The $1.9 trillion stimulus package is unlikely to pass in its current form.
Just before his inauguration, President Biden proposed a sweeping $1.9 trillion economic package to aid families and businesses through the pandemic. The plan includes direct payments of $1,400 to individuals, a weekly $400 federal unemployment supplement to begin when the previous $300 supplement expires, provisions for rental assistance, low-interest loans for small businesses and a national vaccine distribution program.
Republican resistance to the size of the package means Democrats will likely have to use the budget reconciliation process to pass the stimulus; this would require 51 votes in the Senate as opposed to 60 (Democrats currently hold 50 seats in the Senate, with Vice President Kamala Harris the deciding vote in any tie). But Clifton warns that the budget reconciliation process is very restrictive, used only to pass taxes and mandatory spending, which would mean other provisions that are currently rolled into the package – such as an increase the federal minimum wage – would likely be cut.
In any case, it’s very likely that some form of stimulus will be passed in the first quarter. “From a legislative perspective, the economic aid package is the top priority of the Biden administration,” Clifton says.
Some tax increases will face more resistance than others.
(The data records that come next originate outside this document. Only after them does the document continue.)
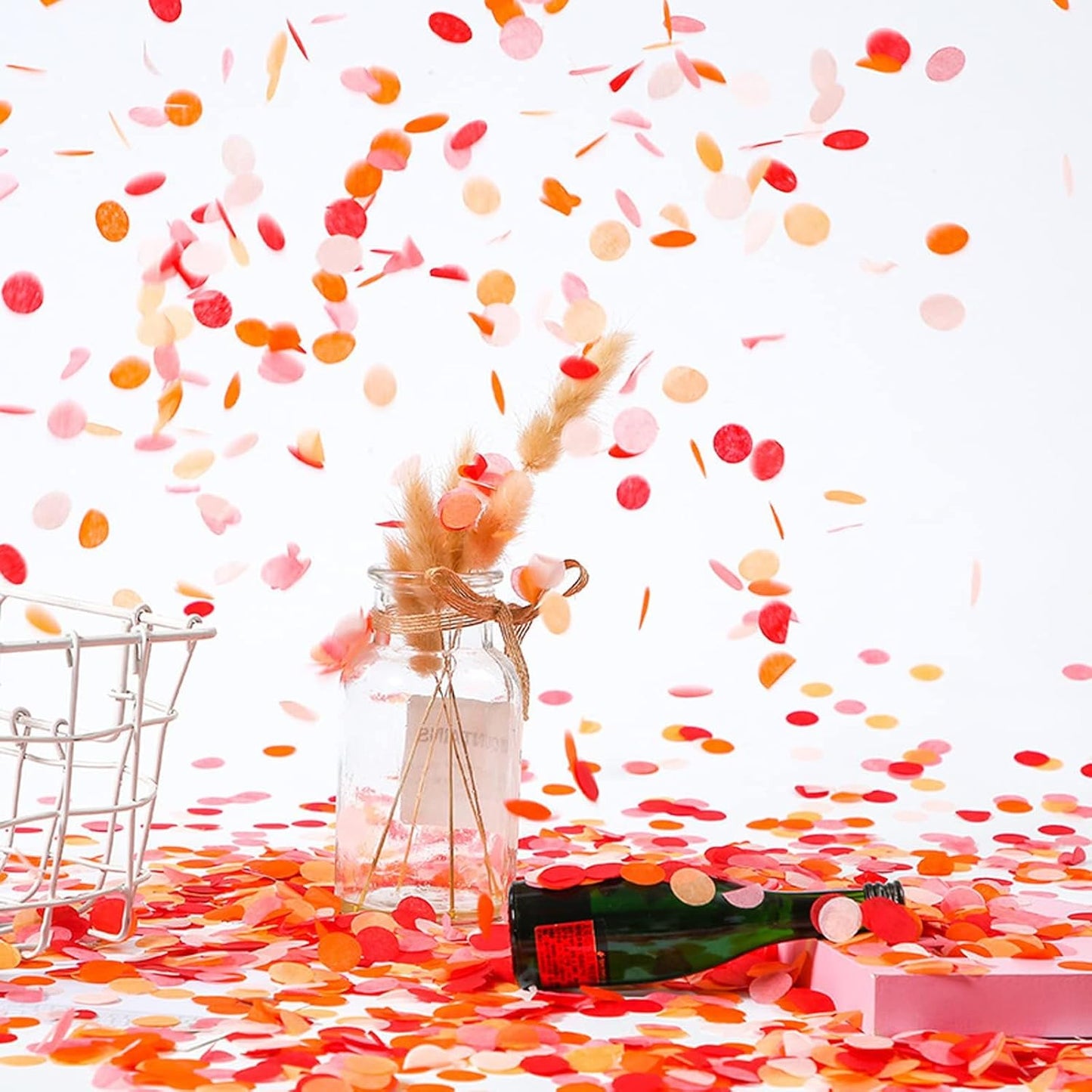 RYKOMO 20000 Pieces 1 Inch Round Tissue Paper Confetti, 7oz Multicolor Table Confetti Paper for Balloons Arts Craft DIY Scrapbooking Birthday Party Festival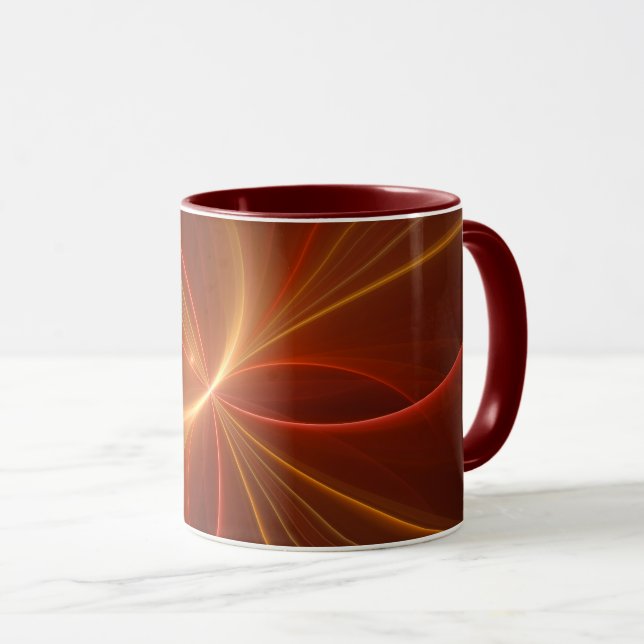 Mug Mystique Abstrait Fractal Art Moderne Couleurs cha (Devant droit)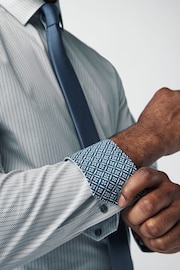 Neutral Brown/Blue Slim Fit Single Cuff Shirt And Tie Pack - Image 5 of 8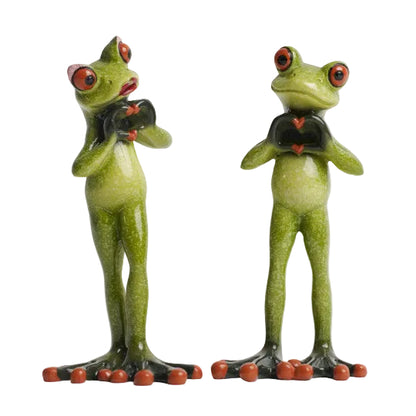 Figurines grenouille cœur (x2) - Vert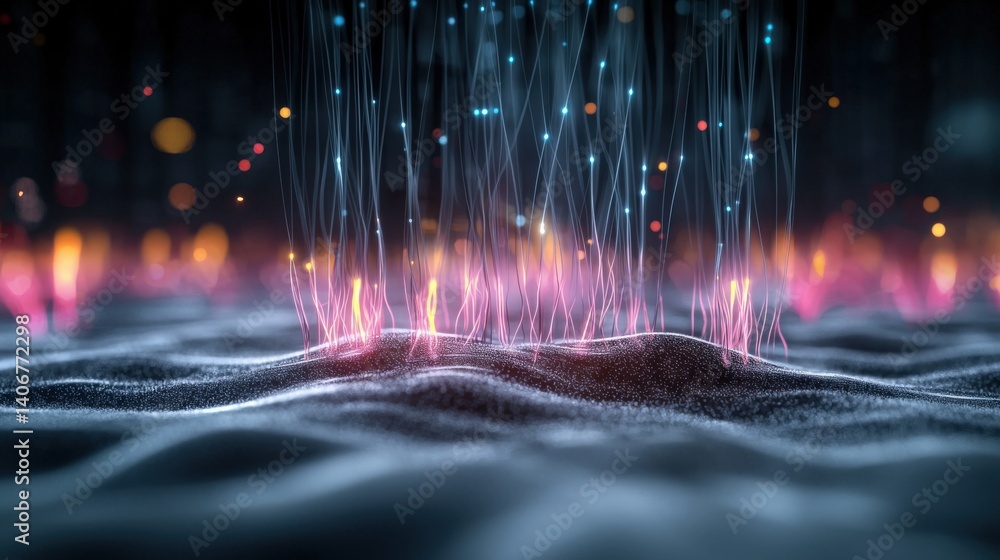 Poster dynamic light patterns emanating from vibrant terrain digital space abstract art futuristic environm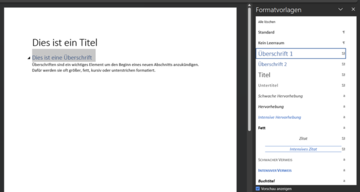 Ein Worddokument beinhaltet einen Titel und eine Überschrift, die gerade markiert ist. Sie sind genauso markiert wie die Formatvorlagen im Formatvorlagenfenster, welches daneben geöffnet ist.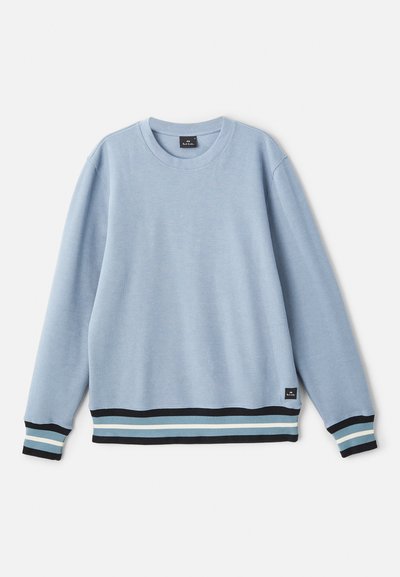 Lyseblå hettegenser med lange ermer, rillete tekstur og stripete kant med marineblå, lyseblå og hvite detaljer.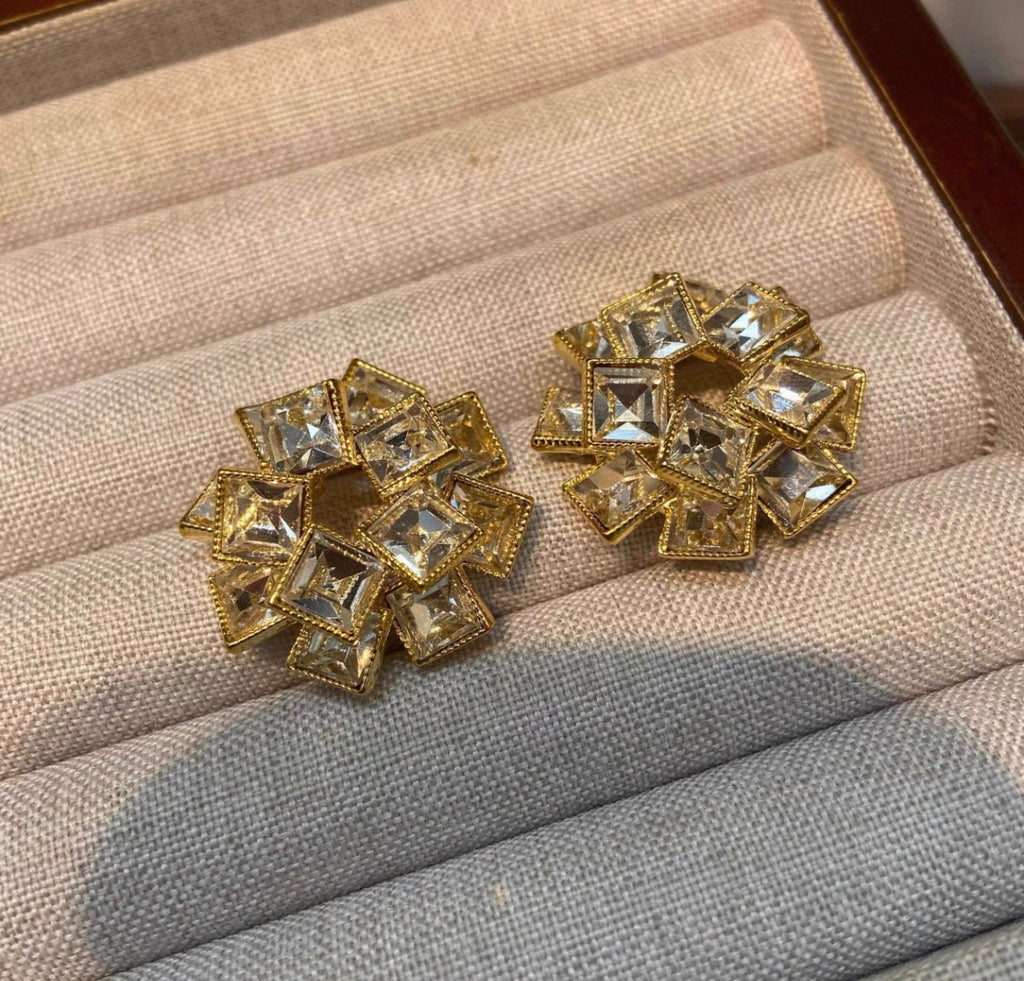 Champagne/ Ruby Floral Earrings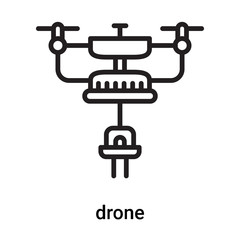 drone icon vector isolated on white background, drone sign , line or linear symbol and sign design in outline style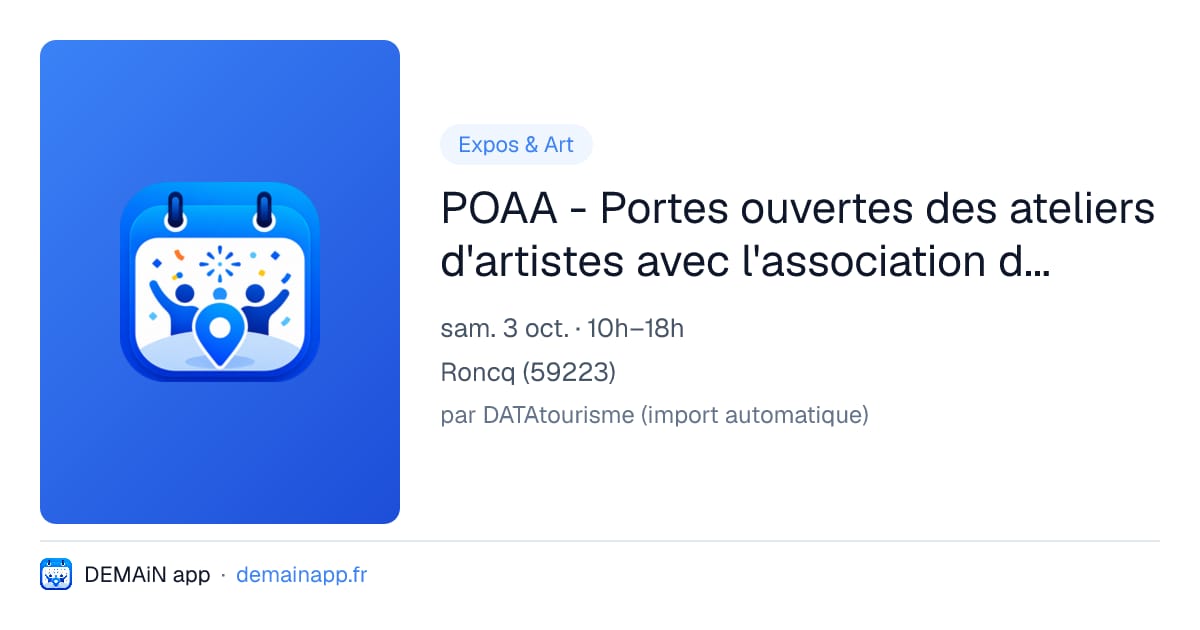 POAA - Portes ouvertes des ateliers d'artistes avec l'association des Artistes Roncquois — Roncq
President Biden’s stimulus measures, along with the spending he plans to do on infrastructure and climate change, are expected to be offset by tax increases on high earners. One of the taxes in the crosshairs in the capital gains tax. During his campaign, Biden advocated for taxing long-term capital gains and qualified dividends at the ordinary income tax rate of 39.6% – up from 23.8% – on income above $1 million. Historically, a major increase in the capital gains rate has had detrimental effects on capital growth, which is why the rate hasn’t moved above 30% since 1978.
Clifton says that if a capital gains increase does get passed, it’ll be in the range of 25% to 28% and likely won’t be on the table until the economy begins to stabilize in the second half of the year, giving investors time to work with their wealth managers on planning. Clifton also recommends investors pay attention to possible increases in the estate tax and says there’s a low probability of any tax increase being retroactive to January 1.
Investors should diversify and look for new pockets of opportunity.
One trend that will continue to become more important as the year progresses is the importance of diversification. “We are seeing the markets broaden out,” says Grohowski. For the 10 years ending December 31, he says, the annualized return of the S&P 500 was about 14%, which meant investors could put money into an ETF or index fund that replicated the S&P 500 and expect a very good return. But the trends influencing the market are shifting. “I think diversification is going to be important. I think some exposure to commodities will be important. And for those who can afford it, exposure to the private markets.”
Finally, investors may benefit by paying attention to sectors that are poised to do well under the new administration. Clifton points to healthcare as one such opportunity, due to a few factors: 1) There will be more COVID-19 spending, which ultimately benefits companies; 2) It’s looking less likely the Democrats are going to create a public option to compete against the private sector; 3) It’s looking more likely the Democrats will push for expanding the Affordable Care Act, which is actually good for the market. “The market was so worried in 2020 about Democrats winning and what they’d mean for markets. And yet healthcare one of the best performing sectors since the Georgia election,” he says.